◆ **Work instruction**:
What are the lines from the one with "握りやすいステアリング形状で" through the end of the records below, written out exactly and without the pictures?

━━━━━━━━━━━━━━━━━━━━

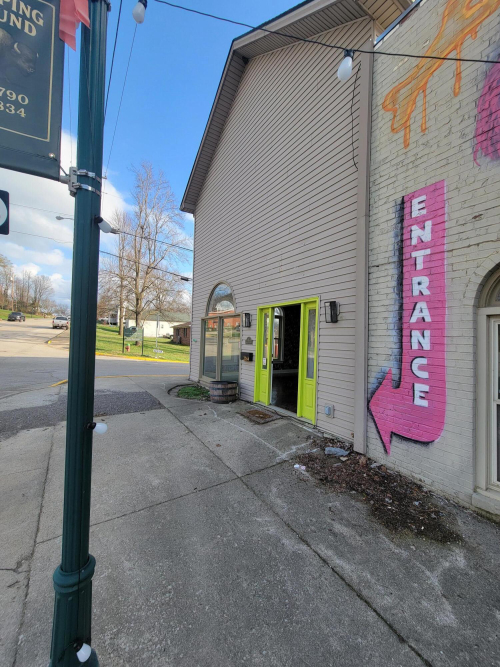 Listing Image 4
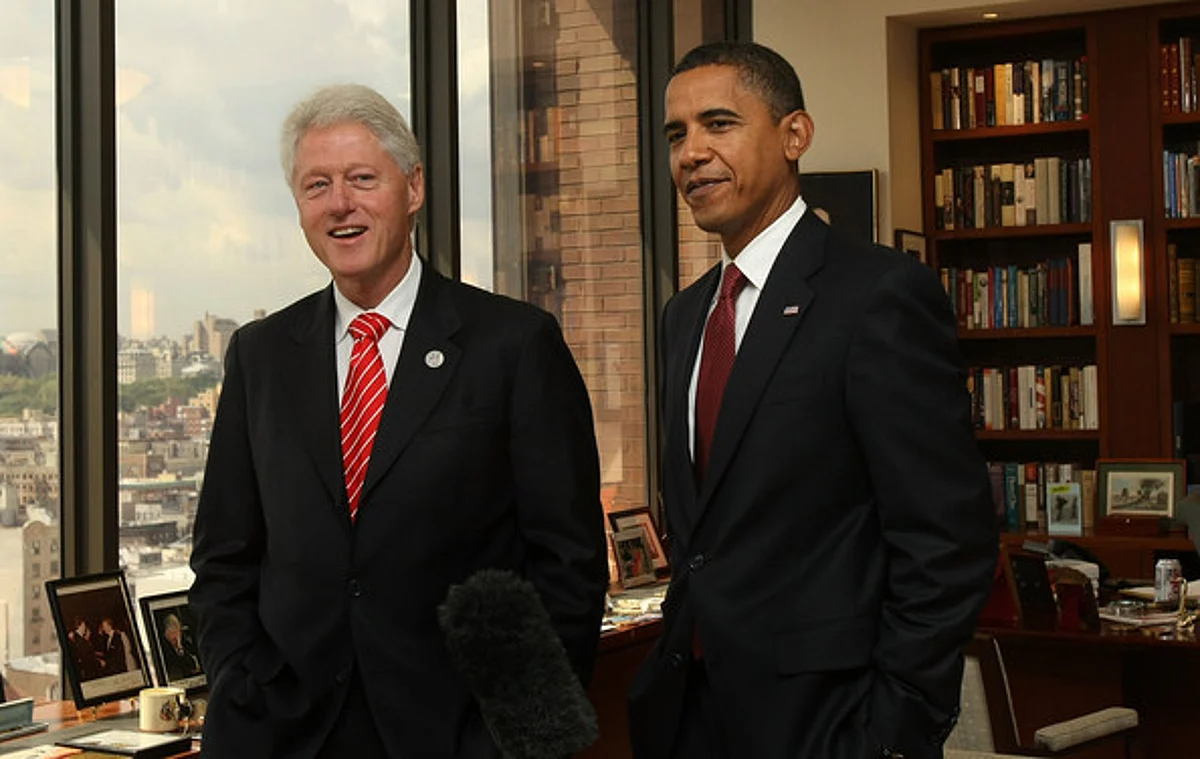 Explosive devices sent to Obama, Bill Clinton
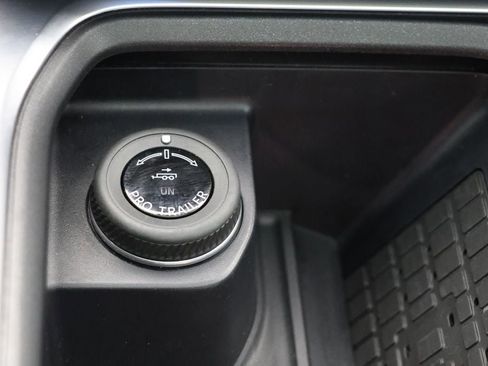 Used 2025 Ford Expedition Max Active AWD/4WD image 25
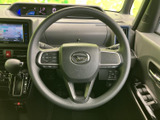 握りやすいステアリング形状で、運転中の疲労を軽減し、快適なドライブをサポートします。操作もスムーズで、取り回しもしやすいです。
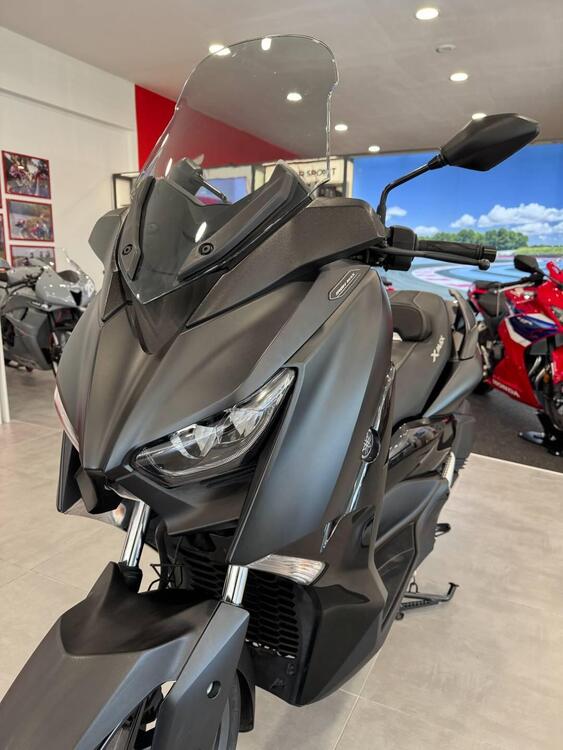 Yamaha X-Max 300 Iron Max (2019 - 20) (2)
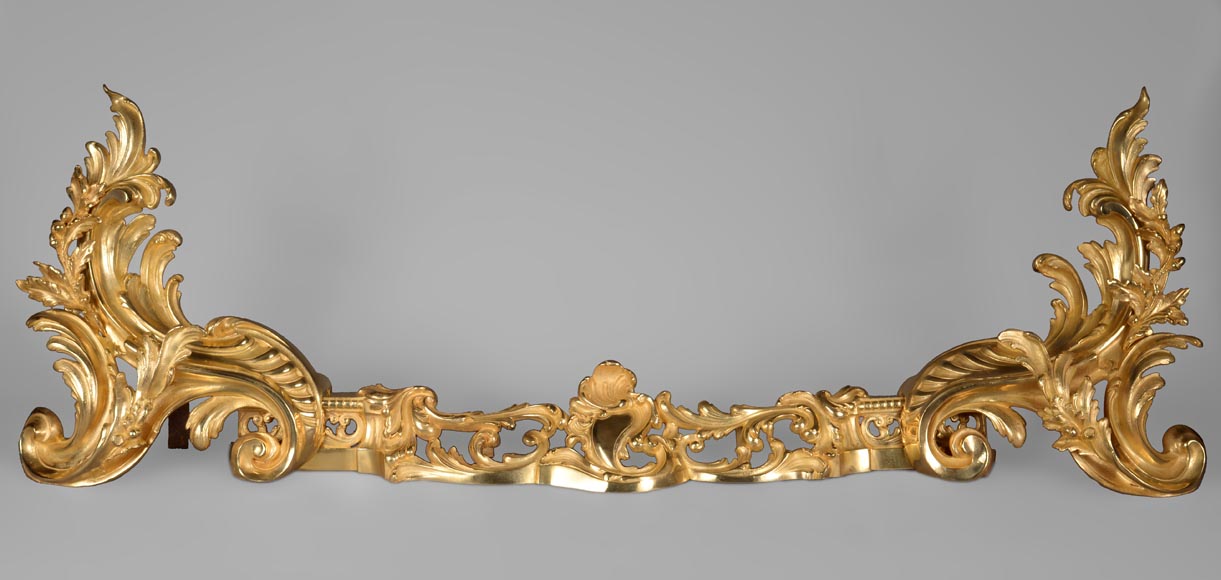 Importante barre de chenet de style Louis XV en bronze doré-0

━━━━━━━━━━━━━━━━━━━━

◆ **Task output**:
 握りやすいステアリング形状で、運転中の疲労を軽減し、快適なドライブをサポートします。操作もスムーズで、取り回しもしやすいです。
 Yamaha X-Max 300 Iron Max (2019 - 20) (2)
 Importante barre de chenet de style Louis XV en bronze doré-0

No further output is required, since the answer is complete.